Die Marion-Dönhoff-Schule bei RADIO JADE
Dienstag, 17. August 2010

Am Montag, den 16. August, waren Schülerinnen und Schüler der Klasse 7 b zu Gast bei Radio Jade. Sie wurden begleitet von der Klassenlehrerin Frau Peters und dem Schulleiter Herr Bültena. 

In der Sendereihe „Schall & Bauch“ ging es an diesem Tag um die Namensänderung der Schule.
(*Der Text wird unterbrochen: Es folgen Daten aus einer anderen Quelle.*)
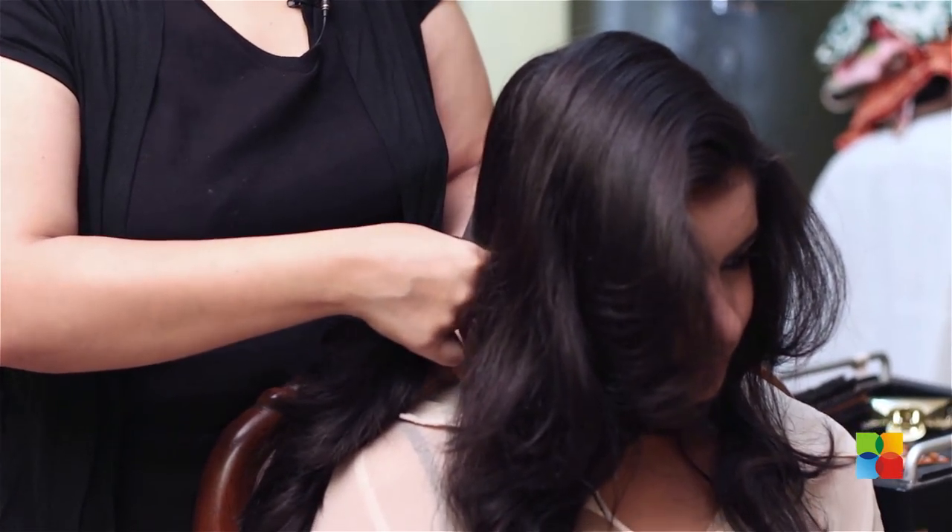Bring the hair at the back and fix your ponytail to the extreme right.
Kyra-Xenia Bolender, Natalie Pfuhler, Jeremy Schwarz, Max Lempfert, Sebastian Ulrich und Fabian Seefelder  hatten sich gut vorbereitet und stellten in Abschnitten unterteilt das Leben und Wirken von Marion Gräfin Dönhoff vor. Unterbrochen wurden sie von Musiktiteln, die sie sich selbst ausgesucht hatten. Auch Frau Peters und Herr Bültena wurde zur Namensänderung interviewt. 

Der Auftritt beim Radio war eine spannende Angelegenheit. Die anfängliche Nervosität legte sich schnell, und am Ende gelang es allen Beteiligten, mit ihren Beiträge souverän und fast professionell  „auf Sendung zu gehen“. Eine tolle Erfahrung, an die alle noch lange denken werden!